***** Records for this exercise *****
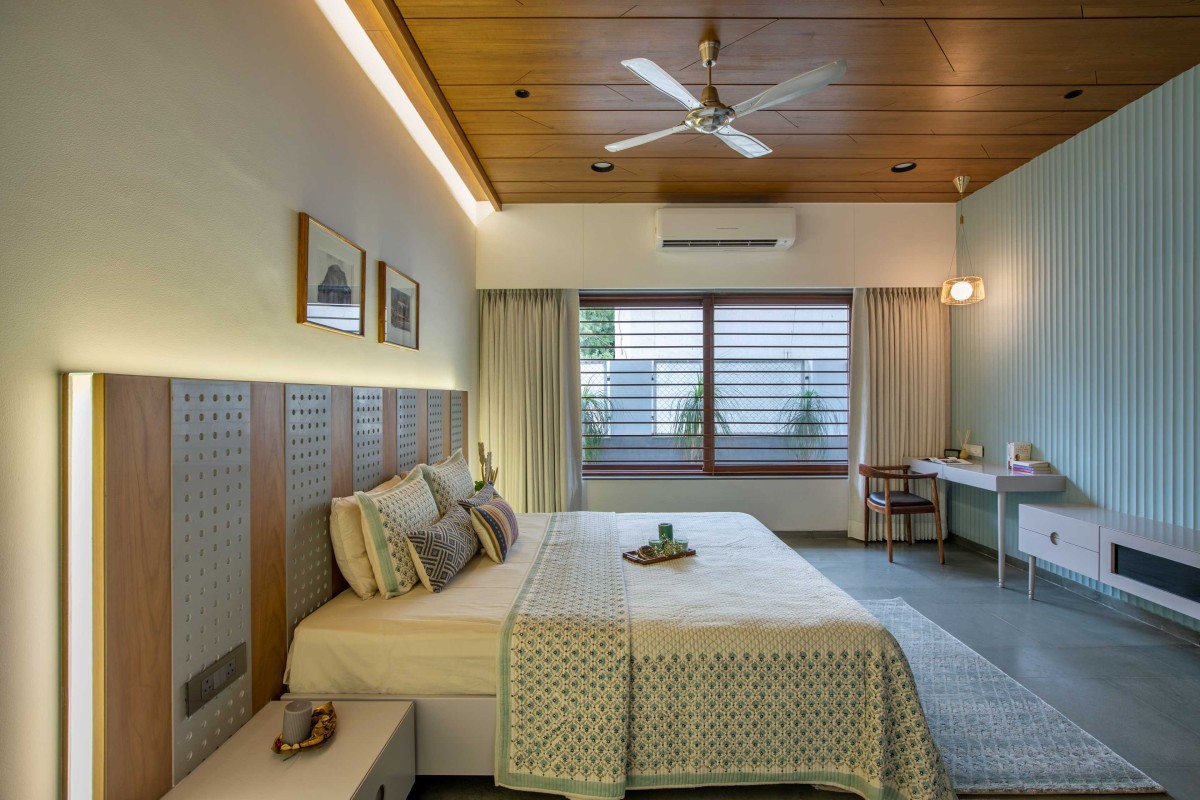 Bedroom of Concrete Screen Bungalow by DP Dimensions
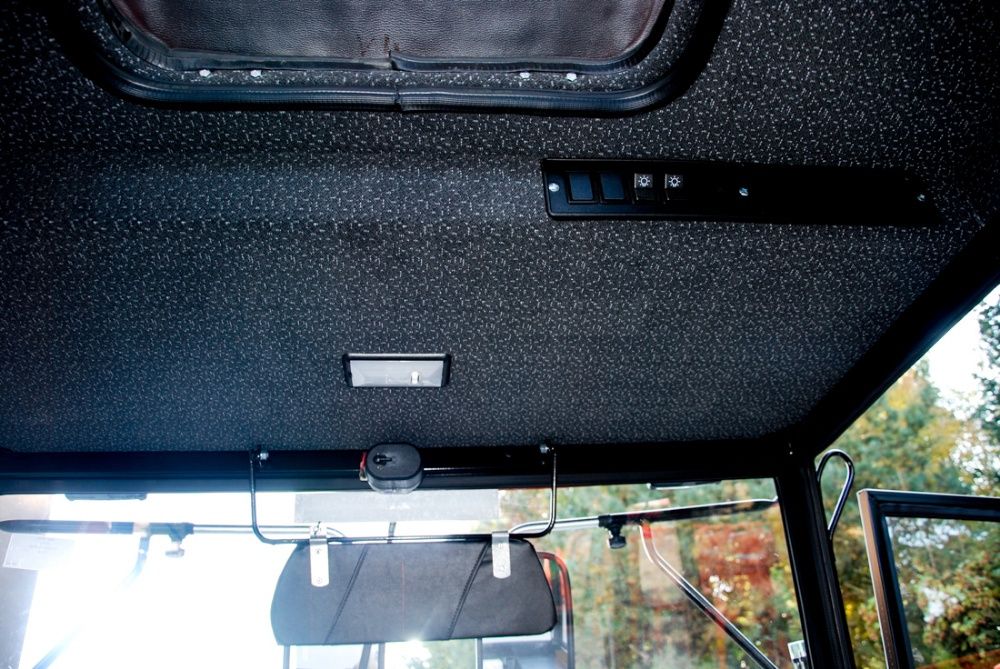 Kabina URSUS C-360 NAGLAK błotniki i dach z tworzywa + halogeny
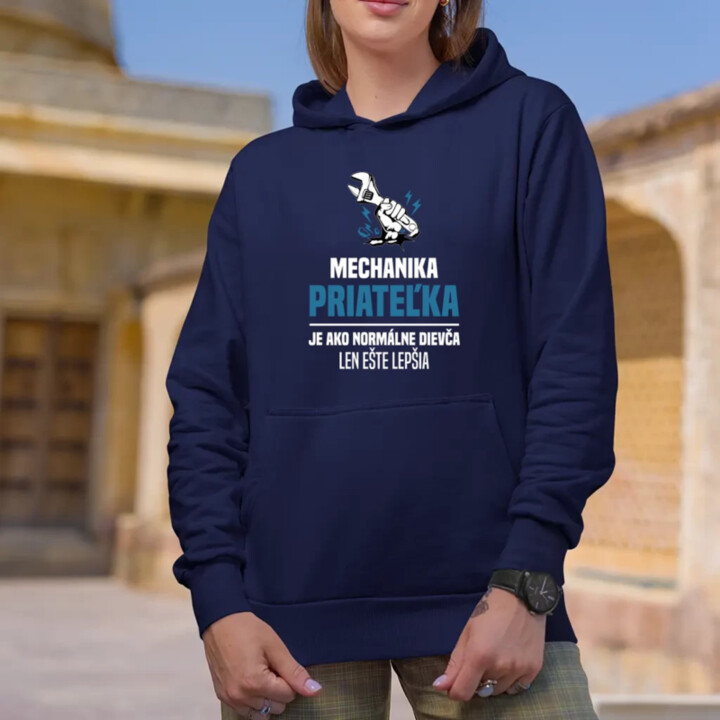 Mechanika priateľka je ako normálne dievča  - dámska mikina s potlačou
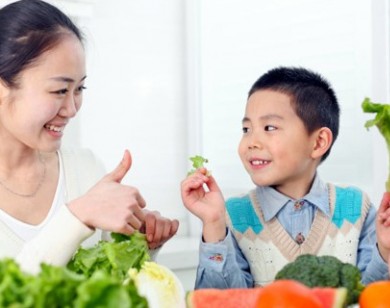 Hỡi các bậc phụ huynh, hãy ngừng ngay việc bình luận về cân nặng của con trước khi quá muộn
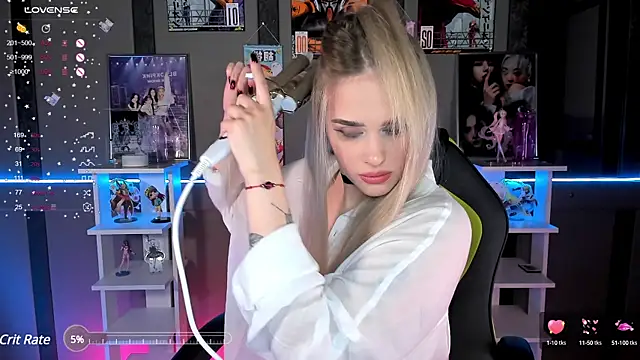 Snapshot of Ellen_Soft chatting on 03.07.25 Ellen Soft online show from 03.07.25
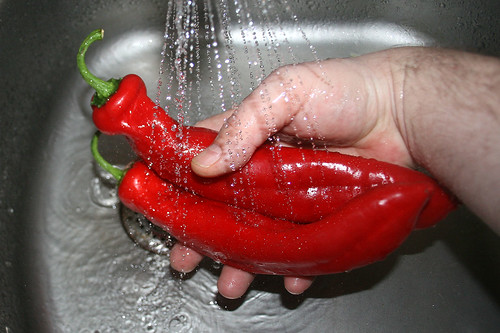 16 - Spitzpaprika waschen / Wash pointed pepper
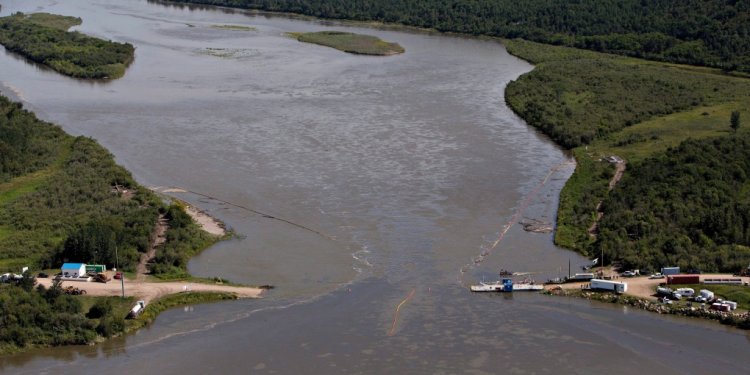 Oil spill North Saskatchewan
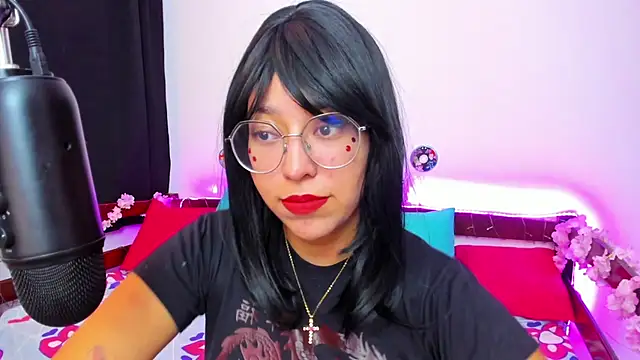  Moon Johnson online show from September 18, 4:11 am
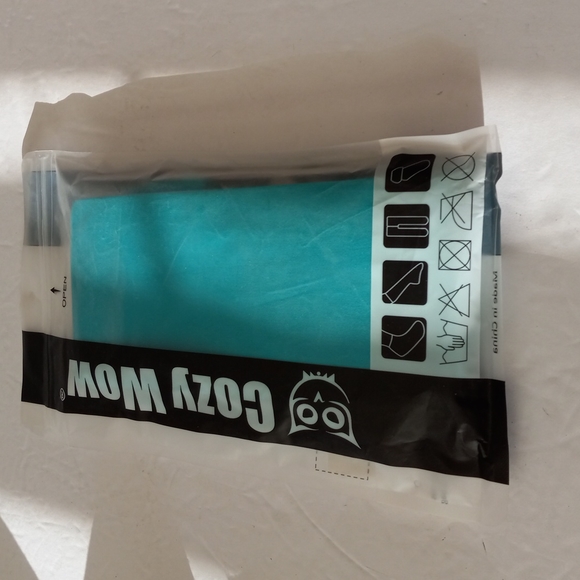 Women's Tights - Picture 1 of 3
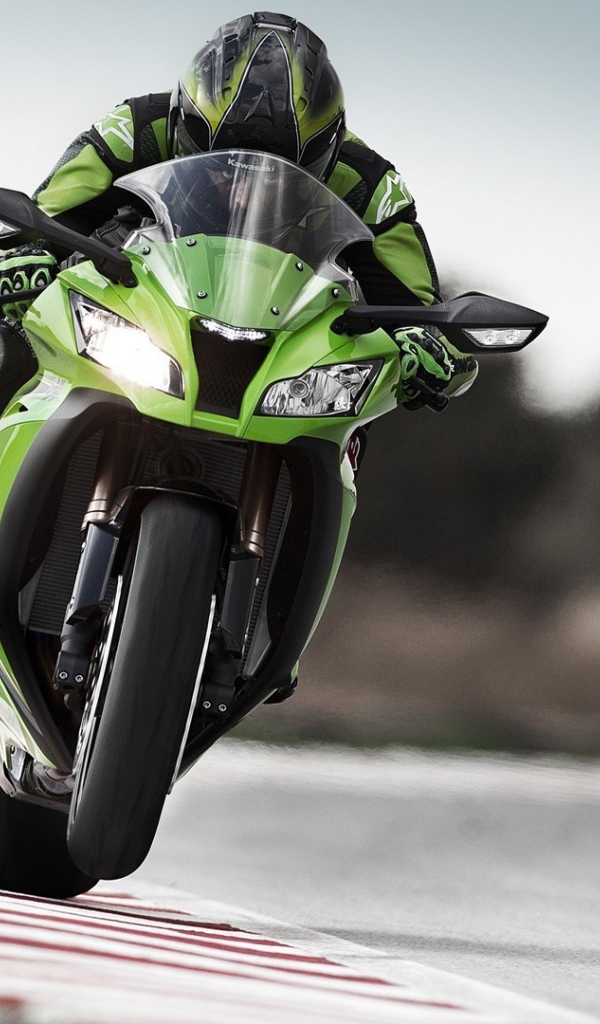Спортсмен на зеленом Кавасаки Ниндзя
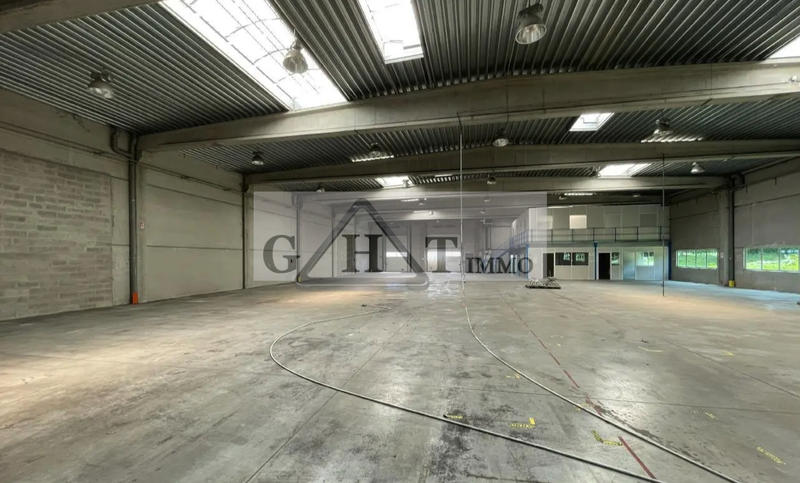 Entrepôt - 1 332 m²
*****
## Task item
Treat the line with "Kabina URSUS C-360" as the start and the line with "16 - Spitzpaprika" as the end, and return exactly that span of the data above, both ends included, without pictures.

## Response to the task
 Kabina URSUS C-360 NAGLAK błotniki i dach z tworzywa + halogeny
 Mechanika priateľka je ako normálne dievča  - dámska mikina s potlačou
 Hỡi các bậc phụ huynh, hãy ngừng ngay việc bình luận về cân nặng của con trước khi quá muộn
 Snapshot of Ellen_Soft chatting on 03.07.25 Ellen Soft online show from 03.07.25
 16 - Spitzpaprika waschen / Wash pointed pepper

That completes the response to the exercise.